Mezuniyetteki yol ayrımında yönünüzü nasıl belirlediniz?
-Son sınıfa geldiğimde Ankara Devlet Operası’nda sözleşmeli sanatçıydım. Müzikte çıkmazda olduğumu hissediyordum. Arayış içindeydim. İstanbul Superband’i duydum, bu topluluğa katılmak istedim. Ova Sünder beni topluluğun şefi ve konservatuvarda öğretim üyesi Aycan Teztel’le tanıştırdı. 2000 yılında yatay geçişle İstanbul’a geldim. Teztel’in öğrencisi oldum, topluluğu Istanbul Superband’e katıldım. Ayhan Sicimoğlu Latin All Star ve El Pluma Band’da da çalmaya başladım. Ertesi yıl mezun oldum, yüksek lisansa başladım. Bu arada Soul Stuff, Athena gibi gruplarda rock çalıyordum, Aylin Aslım’a eşlik ediyordum. TV programlarının orkestralarında çalıyordum.
Kuzeniniz Uzay Heparı’nın herhangi bir etkisi, desteği oldu mu?
– Kuzen çocuklarıyız. Vefat ettiğinde ben çocuktum, hiç karşılaşmadık.

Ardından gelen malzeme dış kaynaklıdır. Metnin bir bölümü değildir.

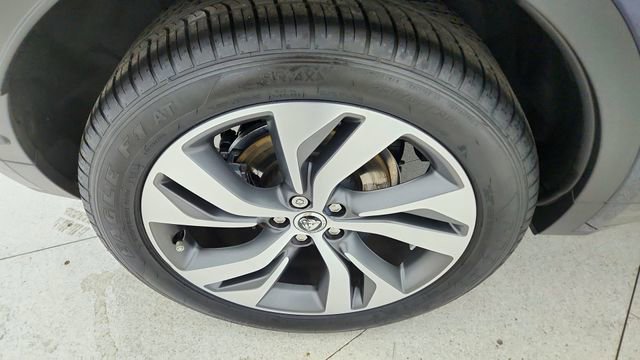 Used 2024 Jaguar E-PACE R-Dynamic SE image 56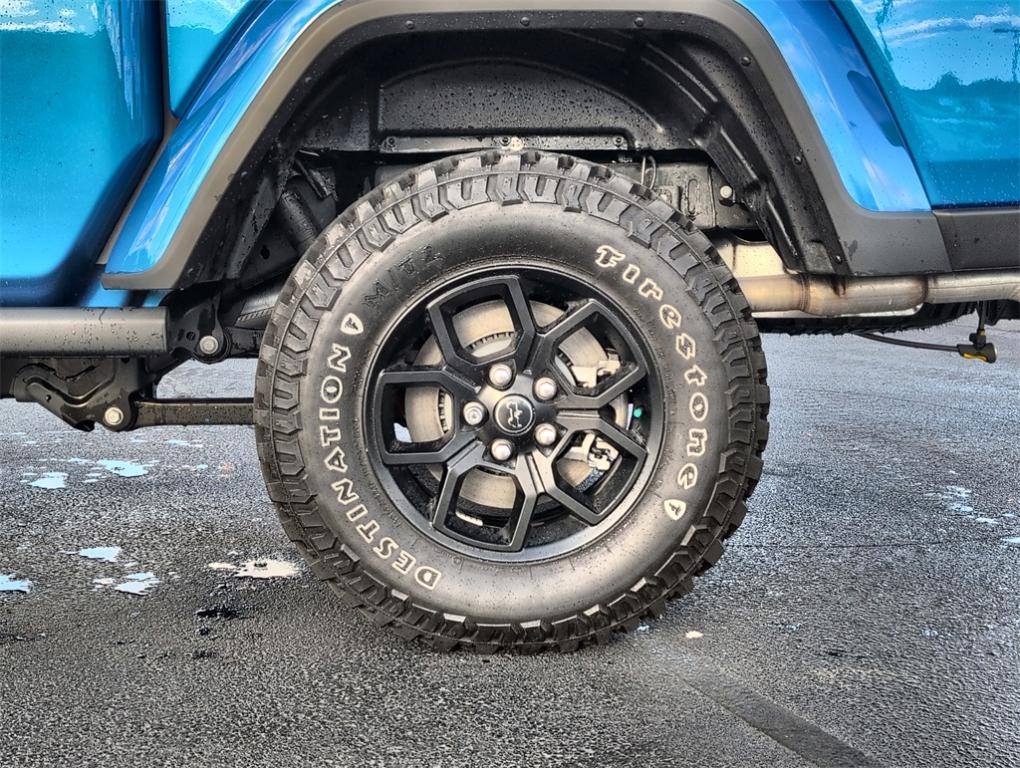 new 2025 Jeep Gladiator car, priced at $44,323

Senfoni orkestralarından birine girip, daha sonra gönlünüzce caz çalmayı düşündünüz mü?
– Öğrencilik dönemimde Ankara Trombon Trio adlı grubumuzla Edirne Konservatuvarı Uluslar arası Oda Müziği Yarışması’nda ikinci olmuştuk. İTÜ MİAM’ın nefesli sazlar oda müziği yarışmasında İstanbul Trombon Topluluğuyla birinci olmuştuk. Bu ödüller ve orkestra deneyimimin etkisiyle, yeni kurulan birçok orkestradan sınavlara girmem yolunda davet almıştım. Memur olmaktan hep kaçtım, özgürlüğümün kısıtlanmasından korktum… Müzik 35 yıl boyunca her sabah mesaiye gitmek, prova yapmak, eve dönüşte sazını bir kenara bırakmak değildir. Piyasada çalışıp yeterince para kazanabiliyordum.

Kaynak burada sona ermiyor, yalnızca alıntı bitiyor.